Sino-Stockholm Syndrome in the Mutual Fund Patch

John Smith manages a mutual fund called Golden Dragon China Opportunities and he is based in both Beijing and Shanghai.  He has a team of more than 30 analysts who regularly meet with companies in all of China’s provinces and the average amount of experience between John and his people is 20 years.  John’s been running the fund for more than 10 years and it has grown to more than $5 billion in AUM.

The John Smith above, a fictional representation of your typical China-focused mutual fund manager, would appear to be the most knowledgeable, credible person on the outlook for Chinese stocks imaginable.  On paper.  When the producers at Bloomberg or CNBC are putting together a China segment, he is the guy they call (he’s an expert!).  But in truth, he is the most dangerous, unreliable and biased person you could ever listen to on the topic – he is captured by his quarry, enamored with his subject matter and essentially a cooperative hostage by virtue of his own financial interests.

I’ve done battle with emerging markets and China fund managers on TV before.

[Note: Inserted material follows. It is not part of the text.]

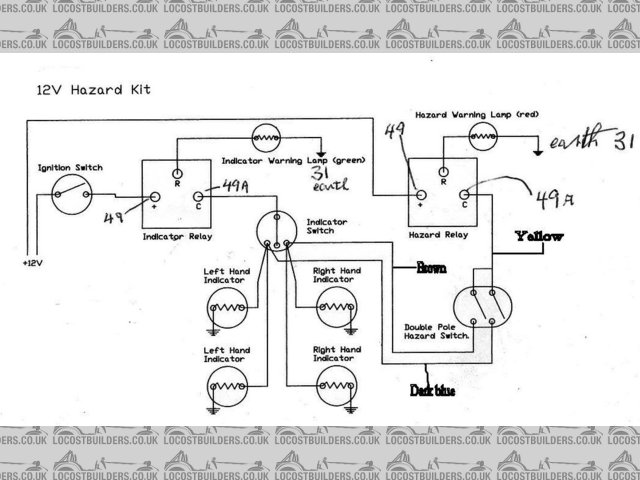 hazard wiring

Unfortunately they are never able to admit that the picture is darkening and that maybe it’s not such a great time to invest in China.  Equally unfortunate is the fact that I am not able to say “Hey, this asshole’s job is to find something constructive to say no matter what, that’s what he gets paid for.”  In early 2011, I debated the China growth outlook with the head of commodities for Barclays Bank on CNBC, the gist of my bearish remarks on copper was that China was actively tightening to fight a real estate bubble.  The gist of his bullish case was that Barclays was launching a copper ETN and that I should know my place.  You know what’s happened since then.

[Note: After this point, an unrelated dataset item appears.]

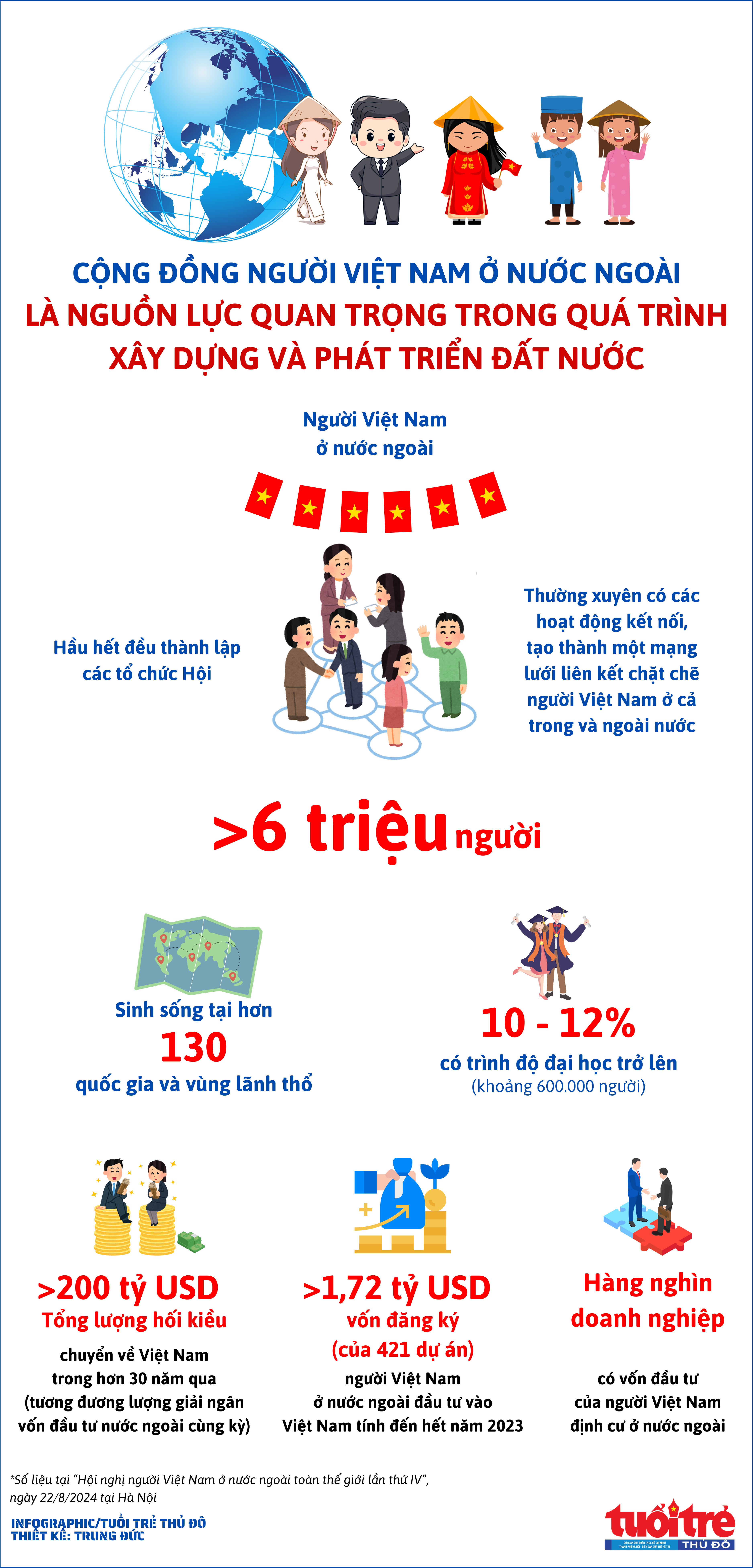 Nguồn lực quan trọng để xây dựng và phát triển đất nước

Last fall I watched a China fund manager on stage at a Bloomberg event in NYC quietly sit through Gary Shilling’s thesis that China’s growth was slowing and was probably overstated anyway.  He went point-by-point through his bearish outlook, hitting on demographics, bureaucratic corruption, weather trends, global trade realities and on and on.  He used data, real-life experiences and specific examples to make his case.

And when he was finished, the China fund manager simply said, “Yes but of course this is just your opinion.  In my opinion, everything will be fine and in fact, a slowdown is good for the country, it is the pause that refreshes.”  Her response was data-free and amounted to “bad-news-is-good-news because I want it to be.”

And this is essentially what China fund managers have to do. They are captured and biased and conflicted and in many cases brainwashed anyway.

Here’s Mark Mobius of Templeton in the New York Times today stretching with all his might for a datapoint that makes the China story seem alive and well like it used to be in the mid-aughts:

Some still express confidence in the official statistics. Mark Mobius, the executive chairman of Templeton Emerging Markets Group, cited the reported electricity figures when he expressed skepticism that the Chinese economy had real difficulties. “I don’t think the economic activity is that bad — just look at the electricity production,” he said.

But an economist with ties to the agency said that officials had begun making inquiries after detecting signs that electricity numbers may have been overstated.

Don’t worry, should the electricity stats come under scrutiny, Mobius will begin citing port traffic in Zhejiang province or the amount of frozen yogurt sold at the New South China Mall.

Mobius is merely one example of many, they all do this kind of thing.  And I am picking on the China fund managers only because the collapse there has been so obvious to so many for a while.  But we can say the same for all sector or geographically-focused managers.  Imagine the gold miner fund analyst coming on TV and saying “just buy the metal because these companies suck at life and will continue to underperform.”  It would never happen.

Instead, the mantra is “find something to like and a reason to like it, even if only on a relative basis.”  When that’s the underlying investment philosophy, failure is not only likely, it is practically an acceptable outcome.

No wonder the fund business is dying.